İlk depremin ardından 37 kişilik ekiple Kayseri'den Kahramanmaraş'a hareket eden ekiplerden bazıları arama kurtarma çalışmalarına devam ederken, bir bölümü kente döndü.

İHH Arama Kurtarma ekibinde güvenlikten sorumlu inşaat mühendisi Mustafa Setenci, AA muhabirine, 7,7'lik ilk depremden sonra ekip liderinin çağrısıyla teçhizatlarını hazırlayıp yola çıktıklarını, sabah saat 9 civarı Kahramanmaraş'a vardıklarını, enkazda çalışmalara başladıklarını söyledi.

Alana erken varmış olmanın avantajıyla birçok vatandaşı enkazdan canlı çıkardıklarını anlatan Setenci, bebekleri, anneleri, yaşlıları kurtardıklarını belirtti.
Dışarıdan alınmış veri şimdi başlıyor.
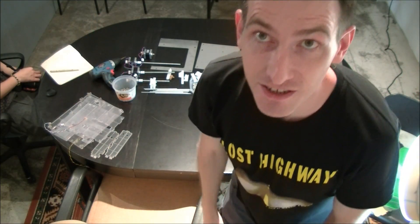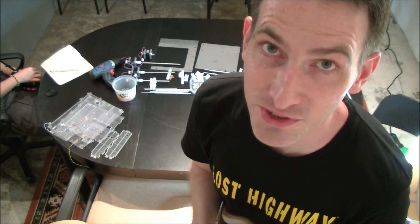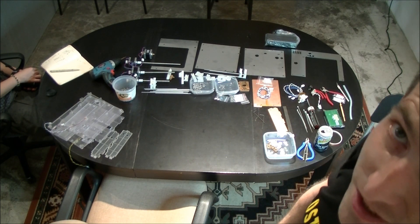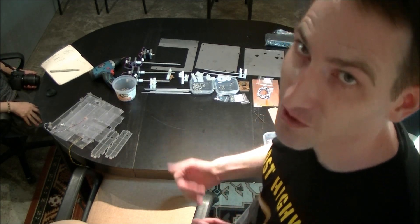Howdy folks! It's a MikiBox build marathon here. It's the third pre-production unit that we're building for testing from the first test shot rounds. I'm hoping to get this together in one hour and we'll see how it goes. We've got all of our pieces laid out here on the table, and hopefully in an hour we'll have a MikiBox.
- İkinci depreme enkazın altında yakalandılar

Setenci, 7,6 şiddetindeki ikinci depreme enkazın altında yakalandıklarını dile getirerek, "O sırada ses almıştık ve bir boşluk bulup aşağıya doğru tabliyeleri kırıp iniyorduk. Almış olduğumuz eğitimlerden dolayı biz tahkimatlar (maden yatağında açılan bir kanalın çökmesini önlemek amacıyla sağlamlaştırma) kurarak gidiyorduk, bu yüzden ikinci depremden yara almadan kurtulduk. Orada insanlara faydalı olabilmemiz için önce kendimizi korumaya almamız gerekiyor. Bu sayede 7,6 şiddetindeki depremi enkazın altında hiçbir yara almadan atlattık." diye konuştu.
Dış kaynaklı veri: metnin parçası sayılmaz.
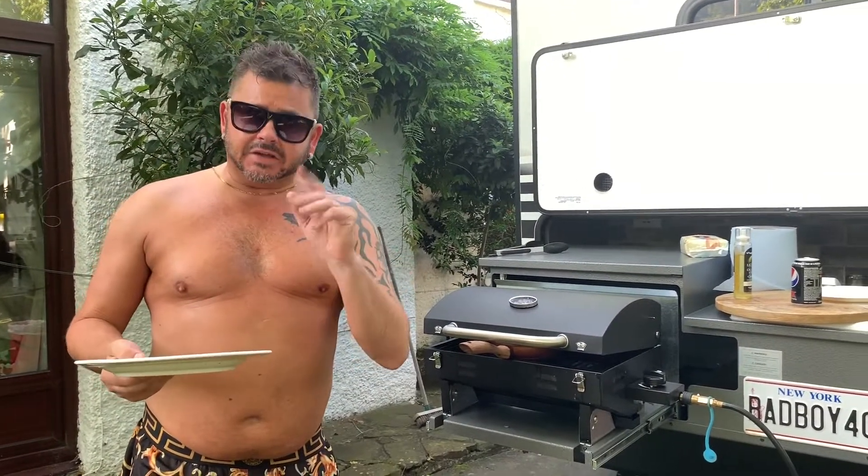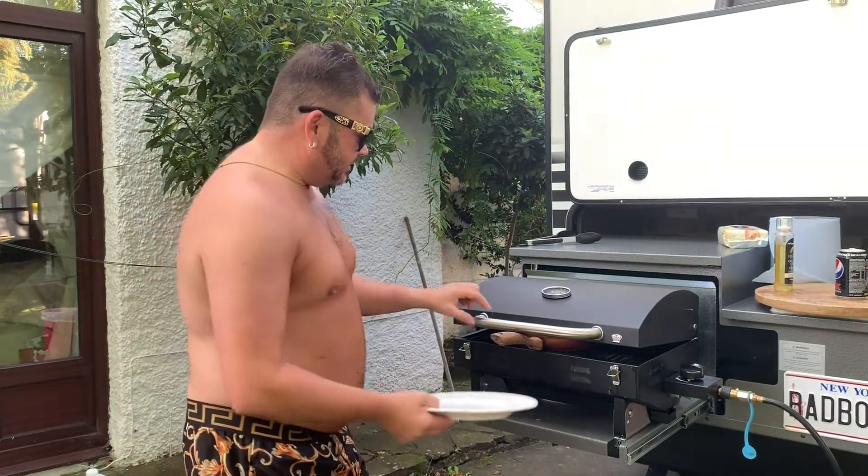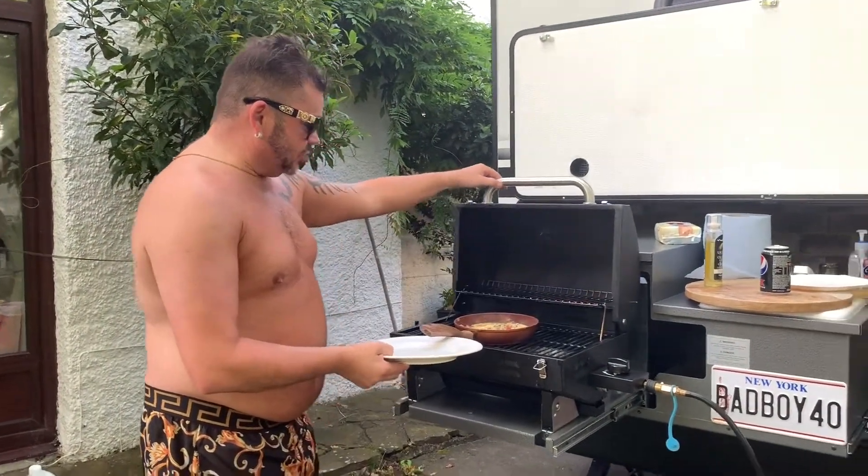How to flip an omelette for beginners. We've been cooking this omelette for approximately five minutes and it's time it got turned over.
Enkazdan çıkardıkları her canlıdan sonra gözlerinin dolduğunu aktaran Setenci, "4 yaşında bir çocuğu çıkarmıştık, hiçbir zarar görmemişti, sapasağlam, gözleri çakmak gibi. Bunlar olmasa biz bir iki saat uykularla ayakta duramazdık." dedi.

Setenci, daha önce İzmir, Elazığ, Malatya depremlerinde görev aldığını, Düzce'deki selde, Ege'deki yangınlarda görev yaptığını ancak bu kadar geniş çaplı bir afetle karşılaşmadığını söyledi.
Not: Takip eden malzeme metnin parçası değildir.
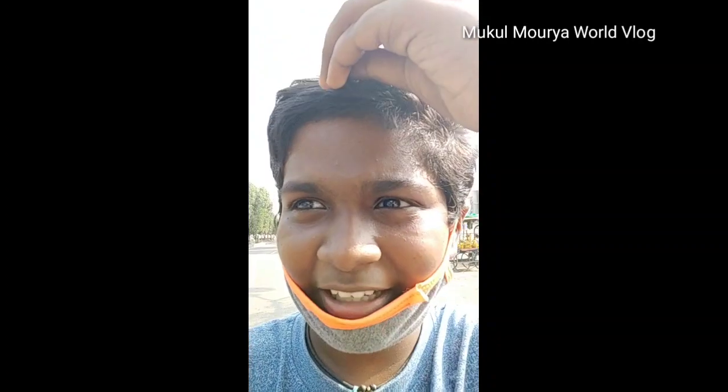So guys, back to home. I am doing the preventive medicine. I have been doing some good job.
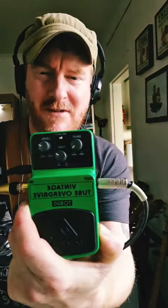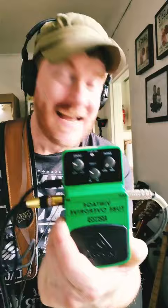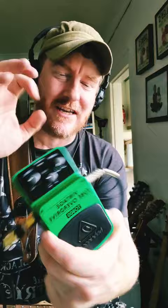This just came today — the Behringer TO808, a brilliant little pedal. I had one years ago, don't know why I got rid of it, but I've just bought another off Amazon for 25 quid. This is not a paid partnership video, I just love their products. It's not as sturdy as the well-known brands, but it works perfectly.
İHH Arama Kurtarma ekip lideri yardımcısı Furkan Karakuş da Kahramanmaraş İl Emniyet Müdürlüğünün arkasındaki enkazlarda çalıştıklarını belirterek, ses aldıkları insanların çoğunu enkazdan kurtardıklarını ifade etti.

- "Yorganın altında yaşlı bir kadını kurtardık"

Depremdeki bazı anları unutamadığını belirten Karakuş, şunları kaydetti:

"Depremin ikinci gününde enkaz altında kalan yaşlı bir teyzemiz vardı. Hiç ses alamıyorduk. Eşinin cenazesini çıkarmıştık oğlu bize sarılıp 'Babamın cenazesini teslim ettiniz, annemi de teslim edin, gidecek bir mezarım olsun.' dedi. Teyzeden çok zayıf ses aldık, enkazı temizledik. Teyze görülmüyordu, meğer iki ekibin arasındaki yorgana sarılı vaziyetteymiş. Burnu dahi kanamamıştı, gayet iyiydi. O teyzeyi teslim edince ailenin ekip liderimize karşı tavrını hiç unutamıyorum, o insanların o mutluluğu bize şevk veriyor, yorgunluğumuzu unutuyoruz. Bir de Muhammed'in kızını çıkarmıştık enkazdan. Hiçbir darbe almamıştı ve yüzü tertemiz duruyordu, bunları unutamıyorum."